The Hunter

Year: 2011
Production Co: Screen Australia
Director: Daniel Nettheim
Writer: Julia Leigh
Cast: Willem Dafoe, Sam Neill, Frances O'Connor

Years ago I had a fantastic idea for an action/adventure story set in the dark woods and valleys of Tasmania as a group of scientists race against the clock to find and capture the last Tasmanian Tiger. Since I wasn't a film director, didn't have any money and was all of 13, I've always hoped someone would make that movie.

This wasn't it. It wasn't exciting or action packed enough to be an adventure movie, and it was too empty and dour to be an effective drama, which seemed to be the tone it was going for. The sombre tone in the script, the landscape and across Dafoe's face as hero Martin made me think it was a morality tale full of subtext about survival, mystery and preservation, but if it was that was all lost of me too.

He plays a professional hunter almost totally devoid of personality, sent by a biotech company to the wilderness of Tasmania to find, trap and return with the Tasmanian Tiger that's still said to inhabit the area after anecdotal legends of sightings among the locals.

He rents the spare room in a remote house where the two precocious kids take to him immediately while their comatose mother (O'Connor) sleeps all day, doped up on prescription drugs to deal with the grief of her activist husband going missing several months before.

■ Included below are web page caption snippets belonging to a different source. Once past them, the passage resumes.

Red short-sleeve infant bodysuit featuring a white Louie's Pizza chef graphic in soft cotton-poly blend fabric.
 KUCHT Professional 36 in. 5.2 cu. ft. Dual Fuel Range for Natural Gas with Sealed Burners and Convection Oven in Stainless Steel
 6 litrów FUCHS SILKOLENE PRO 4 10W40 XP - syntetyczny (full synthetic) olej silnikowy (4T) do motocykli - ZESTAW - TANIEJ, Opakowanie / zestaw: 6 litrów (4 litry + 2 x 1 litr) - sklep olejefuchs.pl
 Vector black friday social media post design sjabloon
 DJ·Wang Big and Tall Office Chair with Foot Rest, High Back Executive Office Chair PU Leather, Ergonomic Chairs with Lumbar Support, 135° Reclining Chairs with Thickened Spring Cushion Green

Martin nurses the woman back to health and comes to love them all in his own quiet way, and it's motifs like the speakers hanging in the trees that made me think there was something there I just wasn't getting. He also runs afoul of the local loggers who assume he's another do-gooding greenie come to shut them down, and I was never sure if the story belonged out in the bush with Martin tracking the elusive beast or back at home with him learning how to be human. Neither strand was satisfactorily developed or resolved and they both felt like subplots that belonged with stronger stories.